La sociedad actual es cada vez más rica en datos y signos que generan, en su desmesurada producción, muchas respuestas automáticas. En nuestro presente el volumen de datos sobre cualquier cosa crece exuberantemente día tras día en un proceso amplificado por la era digital. Es ya un tópico común que todo especialista tiene que lidiar constantemente con una avalancha de nuevos datos para simplemente mantenerse al día en su campo y no quedarse anticuado.

La proliferación desmesurada de información genera saberes cada vez más fragmentados y encerrados dentro de ámbitos expertos. Esto se traduce en una desaparición de las capacidades para el conocimiento reflexivo de síntesis. Por todas partes informes parciales nos alertan de tal o cual detalle sobre la situación del mundo que bastarían para demostrar, a la mínima que se interrelacionasen factores, que la vía del crecimiento económico es ya un callejón sin salida.

El consumismo como promesa de felicidad

La publicidad no vende productos ni ideas, sino un modelo adulterado e hipnótico de felicidad

Oliviero Toscani, ex director de las campañas publicitarias de Benetton

La aceleración de la crisis ecosocial en las últimas décadas ha estado indisolublemente ligada a la ampliación del segmento de población mundial que participa de la sociedad de consumo. Aproximadamente, un tercio de la población mundial forma parte de un modelo social basado en la fabricación a gran escala y en la venta continua de millones de mercancías a unos ritmos de producción y consumo nunca vistos.

La historia de la sociedad de consumo es la historia de la masificación de la producción industrial y ha vivido distintas etapas. Durante las primeras décadas del siglo XX el consumo seguía siendo una realidad de élite. El progresivo aumento de la productividad industrial, facilitada por el acceso a grandes yacimientos de petróleo de muy buena calidad, unido al pacto social de posguerra generalizaron el acceso al consumo en Occidente a partir de los años cincuenta. Esta fue la era del confort, del acceso a los electrodomésticos, el automóvil y las vacaciones pagadas. Pero todo ello era posible bajo la bandera de la homogeneidad.
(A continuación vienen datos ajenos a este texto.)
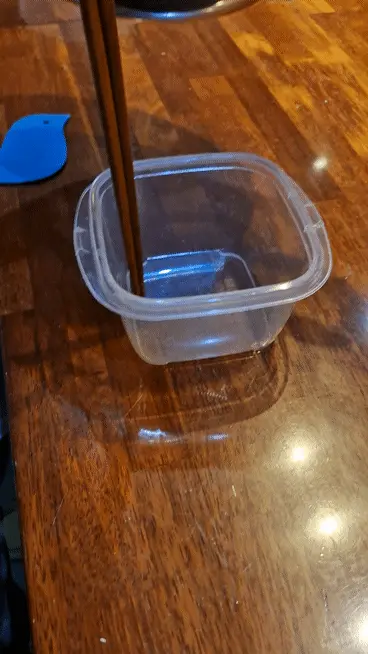 Cooling the dish and transferring it to a side dish container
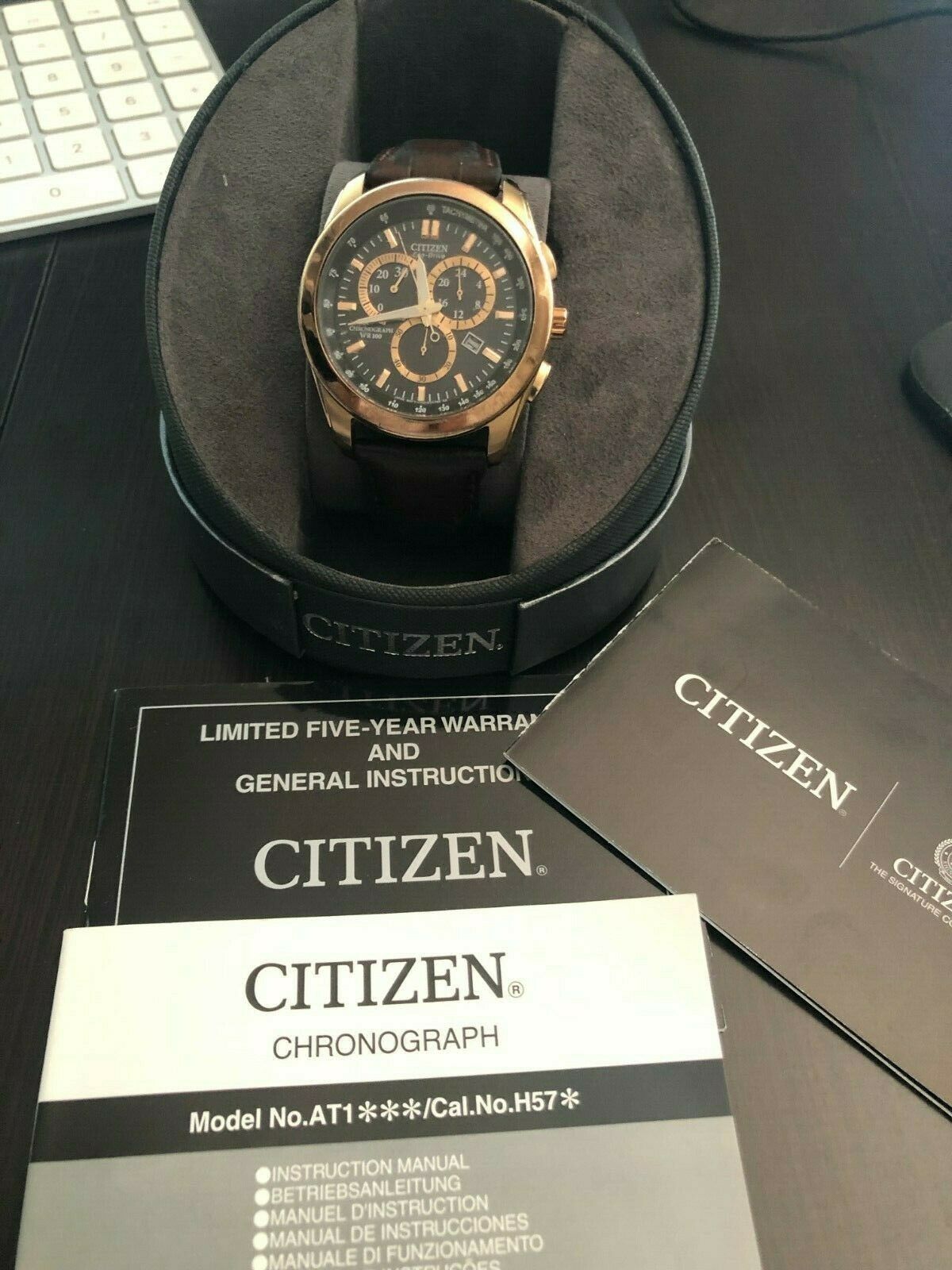 Citizen tachymeter eco hot sale drive manual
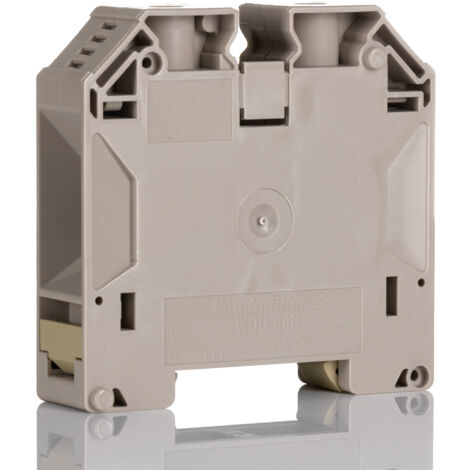 Bloc de jonction de traversée Weidmuller W, 10 70mm², A visser, Beige foncé ( Prix pour 1 )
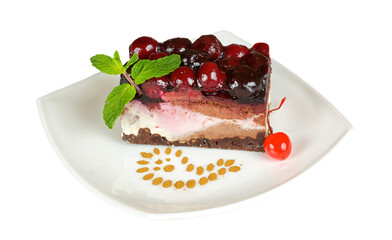 Chocolate Cake with cherry
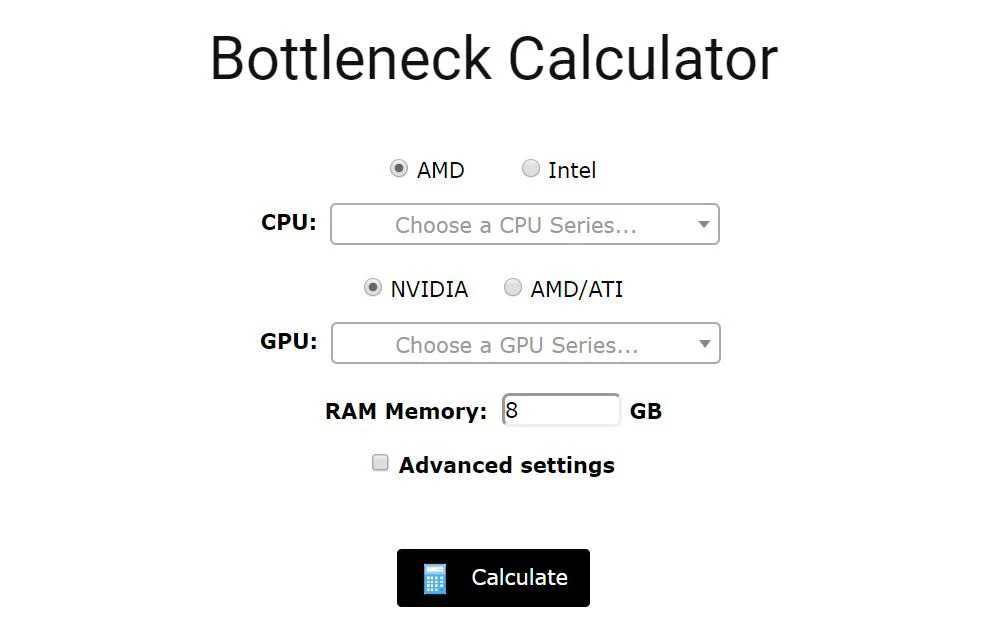 How Does The CPU GPU Bottleneck Calculator Work?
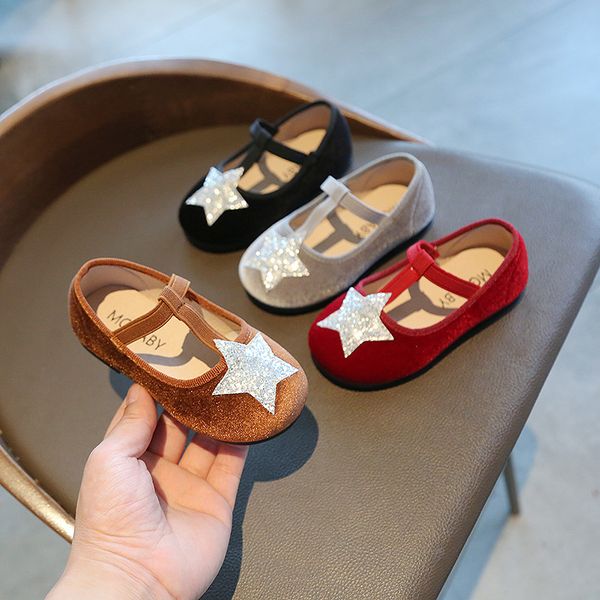 

Toddler Girl Shoes Spring Soft Bottom First Walkers Fashion Star Baby Shoes Kids Sneakers Red Shoes Size 15-30 SMG169, Smg169grey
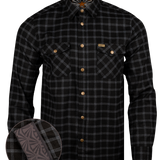Peacemaker (Black) Flannel (Pearl Snaps)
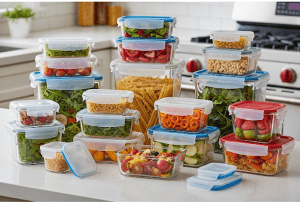 نگهدارنده غذا 300x202 - هنر خانه&zwnj;داری مدرن: ۱۰ وسایل پلاستیکی کاربردی که آشپزی را آسان&zwnj;تر می&zwnj;کنند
A partir de los años ochenta la sociedad de consumo se transforma. Cubiertas ya las necesidades de millones de personas, de lo que se trataba ahora era crear mecanismos que permitiesen a las personas diferenciarse unas de otras. El consumismo se transformó en un mecanismo de generación de identidad, y su promesa de felicidad en un cultivo intensivo del narcisismo personal.

Hoy el frenesí consumista sería inexplicable sin entender que sirve esencialmente para que las personas definan con él su sitio en el mundo, y encuentren el reconocimiento de los demás. Esto en un contexto en que muchos de los viejos referentes –políticos, religiosos o ideológicos- han dejado de tener sentido, y las comunidades que daban pertenencia están disgregadas o disueltas. Si bien la necesidad de identidad y reconocimiento es algo consustancial al ser humano, que esta necesidad opere a través del consumo enloquecido de mercancías no es un destino inevitable.

Y es que este frenesí tiene poco de natural. La naturaleza humana no está programada para al impulso de compra. El consumismo es una práctica inducida por la necesidad empresarial de vender crecientes volúmenes de producción. Por ello, y al servicio de evitar que la rueda inversión-beneficio se pare, el mundo empresarial invierte millones y millones de euros anuales en marketing y publicidad, que son técnicas científicas para el condicionamiento del comportamiento humano.

La fiebre consumista, y la asociación de la felicidad a la adquisición de mercancías, es la raíz cultural de nuestra crisis de civilización. Un comportamiento de masas que es inexplicable sin entender qué papel juega en el diseño económico de nuestro sistema social. Las consecuencias son innumerables, y no solo en un plano ecológico: la destrucción de recursos naturales a un ritmo artificialmente alto se acompaña de todas las llamadas enfermedades de la abundancia, como son la depresión, la ansiedad, las patologías mentales y el estrés, que presentan un cuadro de epidemia en el mundo desarrollado.